Creative genius Nataanii Means is a man of talent – not only does he rap and make music, he has a passion for creating movies and acting.

NATIVE MAX: Tell us a little bit about yourself. What’s your tribe?
NATAANII MEANS: My full name is Nataanii Nez Means, which in Diné it means, “a statesman-like leader” I’m half Oglala Lakota, one-fourth Omaha and one-fourth Diné. I hate saying it like that though, I feel like a cow or dog explaining my degree of blood.

NM: Where did you grow up and how did that shape who you are and your talents?
I grew up in Chinle, AZ in the heart of the Navajo Nation; from a baby until I graduated high school. I could say a lot about growing up there and I do in my music, but, it was great now that I look back on it. I do wish the schools had taught more about being Diné, and had it more in their curriculum. I wasn’t totally isolated but sometimes it felt like Chinle was it, which was where I was going to be for the rest of my life. I give credit to my brother for pushing me and forcing me to go to college in Santa Fe. Once I went to college I realized how different reservation life was from the rest of the world.

NM: Besides handgames, what are your other interests?
Well, I’m going for my BA in Filmmaking at the Institute for American Indian Arts. I like creating movies and the whole process of it, as well as acting. I’ve made some short films and I recently landed a role in a feature film that’s coming out called “Drunktowns Finest”, directed by Sydney Freeland. I play the role of Ruckus. I also make music – I rap and I consider that my biggest passion because I have a lot to say.
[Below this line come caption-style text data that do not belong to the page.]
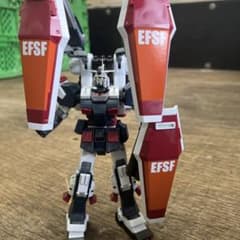 ガンダム 完成品のサムネイル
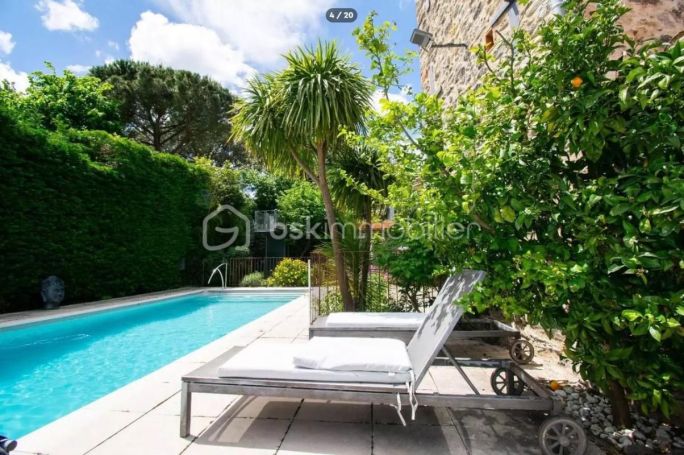 A louer MAISON  DE MAîTRE  ROUJAN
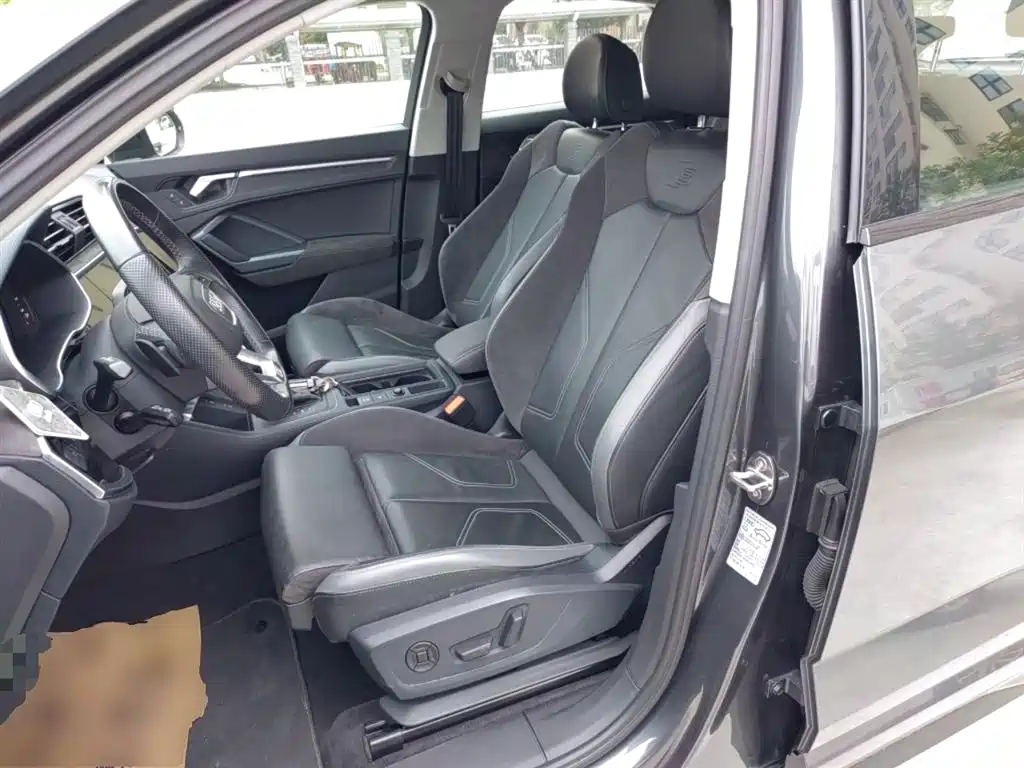 Audi Q3 Sportback 2023 40 TFSI Fashion фото 14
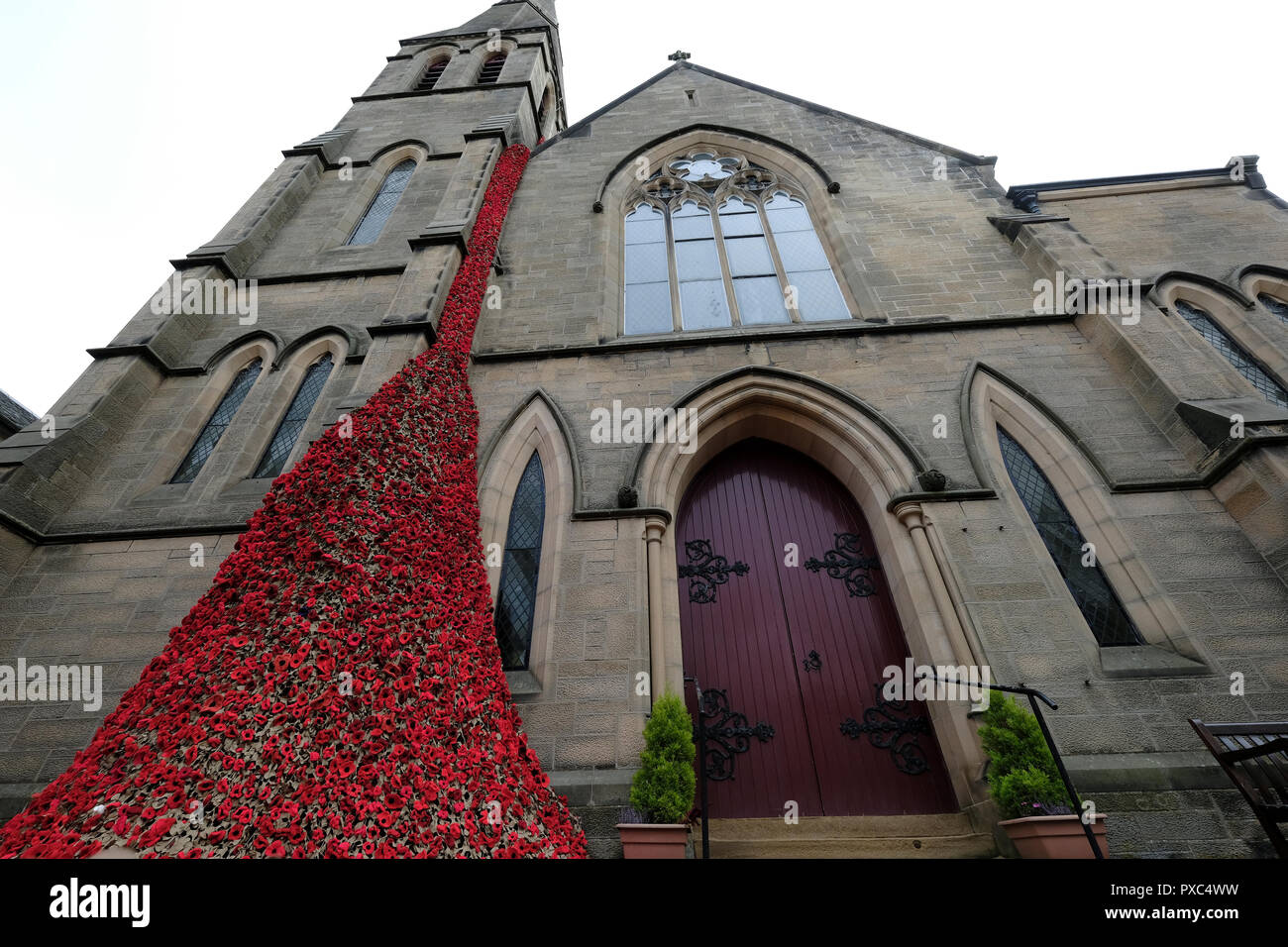 Scotland, UK. 21st Oct 2018.   Knitted Poppy Cascade With nearly 9000 knitted poppies cascading from Selkirk Parish Church tower and several hundred adorning the "Pant Well" in Selkirk Market Place, Selkirk Remembers with the help of the famous Selkirk YarnBombers.  (Photo by Rob Gray / Freelance) Credit: Rob Gray/Alamy Live News Stock Photo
NM: When did you realize your creativity? How did you explore that?
I started writing when I was 12 years old, I didn’t take my music seriously until I was a sophomore in college. My friend Tyler Peyron helped me a lot and started recording me. He has a label called True Pride Music, and after a few people listened to some of my songs they could relate to them. That’s the best feeling in the world, when someone says “I’m going through exactly what you talked about man” Growing up on the reservation and leaving, you tend to look at the world through a different angle, if you want to. I don’t want to sound bad but ignorance is a disease in Indian Country. My music explores that.

NM: What are some of the musicians you draw inspiration from for your music? And what about your inspiration for your films?
I’ve always been a huge fan of Nas, Wu-tang, Dr. Dre and 50 cent. It’s what I grew up on. It wasn’t until I heard J. Cole’s “The Warm Up” in 2010, when I told myself I need to get serious about my music. I could relate to his songs and he’s from the east coast. I thought to myself, “Why can’t I do that? How come I can’t make people understand where I come from?” I was a 21st century American Indian, basically a forgotten person in my own land. Also some Native rappers I looked up to were Tribal Live, Supaman, Redcloud, and Quese. I don’t think there is a rapper out there that touches the issues I do for my generation, but I seriously didn’t think Indians could do hip hop until I heard those rappers. I really do look up to them. As for filmmaking, it was another way of being heard, and my biggest inspiration was my father.

NM: Did being so creative help mold your philosophy on life?
I don’t know about any philosophy, I grew up learning Lakota, Diné, And Omaha values. I was always told to be grateful, pray, live humble, and always know humility. Being creative is just a testament of where I come from, who I come from, and our history as Indian people. I want people in this country to know our story, our story as forgotten people. Film and music seem like the best way to reach out there.

NM: Any new releases come out within the past year? Any upcoming projects?
I’ll be releasing my first LP this fall called “Two Worlds” and it will also be free to download. I’ll also have free CD’s.

NM: What do you want people to feel when they listen to your music or watch your film?
I want them to understand how it feels to be a young American Indian person living in today’s world, how much pressure is upon us to keep our ways and our language alive, to live on the reservation, as well as live off the reservation. I rap about being human, our temptations, the good and the bad in life, love, loss. My music speaks for itself, just listen.

NM: Where do you see yourself in five years?
Hopefully on everyone’s playlists.

NM: How do you give back to your community?
When I get my degree I’ll give back with my films with free shows I can do with the youth and I’ll have a few workshops lined up for the kids. I have nothing but love for where I come from and it’s made me who I am today. I just want to make my Indian people, as well as my ancestors, proud, especially my father.